CVE-2016-0708 Remote Information Disclosure


Severity

Critical

Vendor

Cloud Foundry Foundation

Versions Affected
  • Cloud Foundry v166 through v227
  • Cloud Foundry Java Buildpack v2.0 through v3.4
Description

Applications deployed to Cloud Foundry may be vulnerable to a remote disclosure of information, including, but not limited to environment variables and bound service details. For applications to be vulnerable, they must have been staged using automatic buildpack detection, passed through the Java Buildpack detection script, and allow the serving of static content from within the deployed artifact. The default Apache Tomcat configuration in the affected java buildpack versions for some basic web application archive (WAR) packaged applications are vulnerable to this issue.

Affected Pivotal Products and Versions
  • Pivotal Cloud Foundry Elastic Runtime 1.4.0 through 1.4.5
  • Pivotal Cloud Foundry Elastic Runtime 1.5.0 through 1.5.10
  • Pivotal Cloud Foundry Elastic Runtime 1.6.0 through 1.6.10
Mitigation

Pivotal customers should follow one of the mitigations below:

  • Upgrade to Elastic Runtime 1.5.11 and later versions of 1.5.x
  • Upgrade to Elastic Runtime 1.6.11 and later versions of 1.6.x

Cloud Foundry OSS users are strongly encouraged to follow one of the mitigations below:

  • Upgrade to Cloud Foundry v228 or later using a configuration option that remediates the issue. Details of the required configuration option are available on the cf-release v228 github release page [1] and the diego-release v0.1446.0 github release page [2]
  • Upgrade the Java Buildpack to v3.5.1 [3] or later and restage all applications that use automated buildpack detection

If only the Java Buildpack mitigation is used, it is required that all applications using automated buildpack detection are re-staged to remediate this issue.

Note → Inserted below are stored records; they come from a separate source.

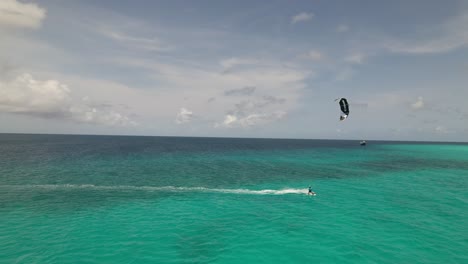 Atemberaubende-Luftaufnahmen-Von-Kitesurfern,-Die-In-Der-Nähe-Einer-Kleinen-Insel-Im-Karibischen-Meer-Segeln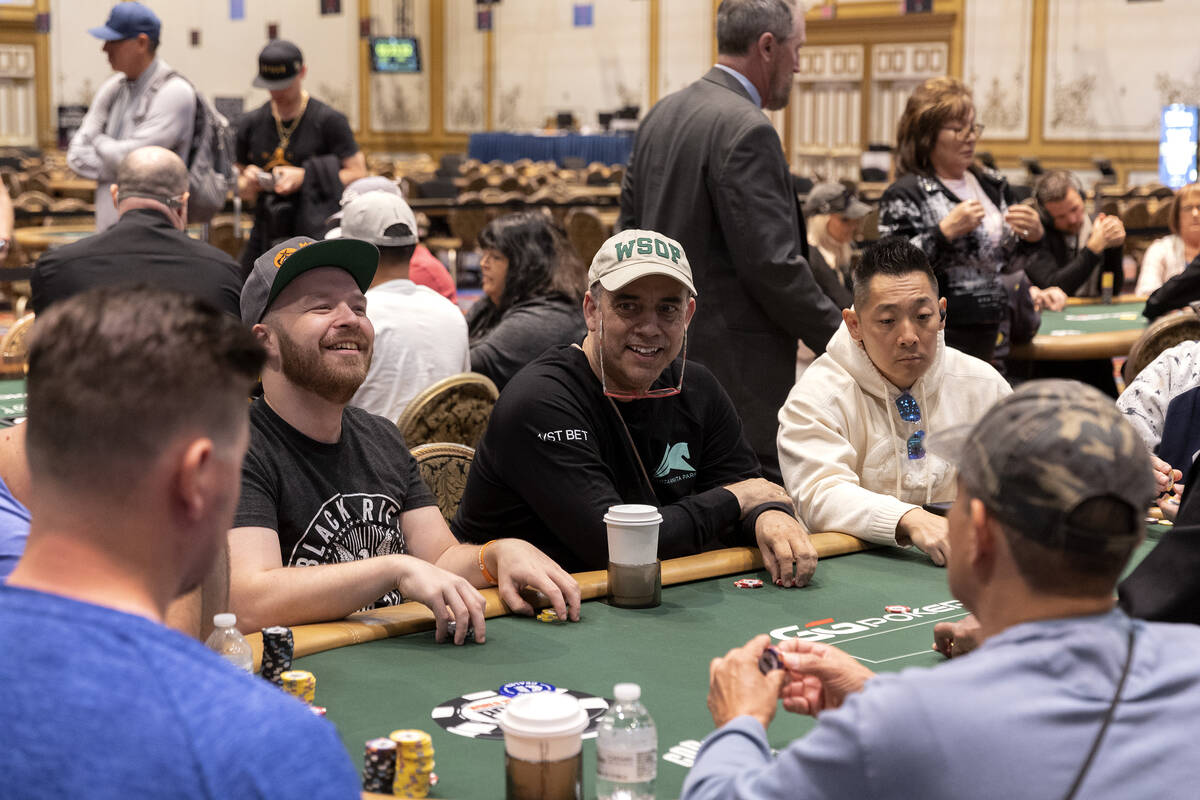 Players laugh at their table during the first day of the World Series of Poker at Horseshoe Las ...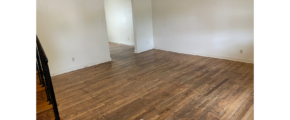 an empty room with wood floors and white walls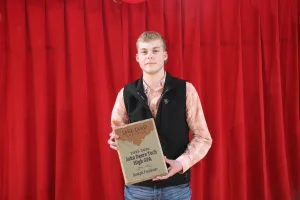 Ag student Joseph Faulkner receives the 2025-2026 John Deere Tech High GPA Award.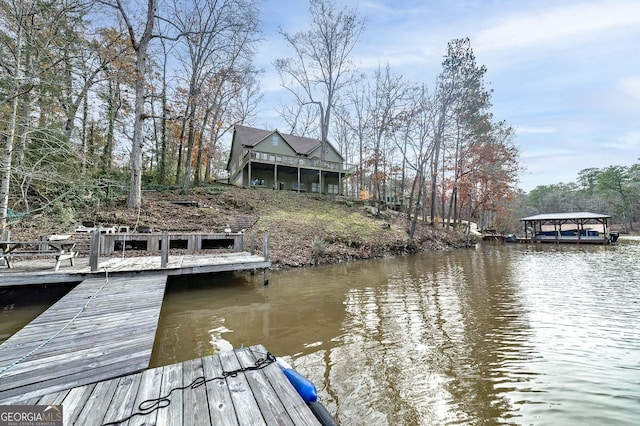 dock area with a water view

If the upgrade to Elastic Runtime or Cloud Foundry v228 or later with the configuration option mitigation is used, running applications will no longer contain the sensitive information. It is still recommended to ask users to restage all applications that use automated buildpack detection so that sensitive information is not written to disk.

It is possible that sensitive application information may have been disclosed before the remediation, therefore it is recommended that applications using automated buildpack detection rotate credentials including environment variables for bound services, user-provided service instances, and developer provided environment variables. Most Service Brokers provide new credentials to each application using an unbind-service and bind-service sequence of commands.

References
History

2015-Jan-18: Initial vulnerability report published.

2016-Jan-20: Follow-on CVE-2016-0715 announced [4], release note configuration instructions updated, and Elastic Runtime 1.5.12 and 1.6.12 versions released.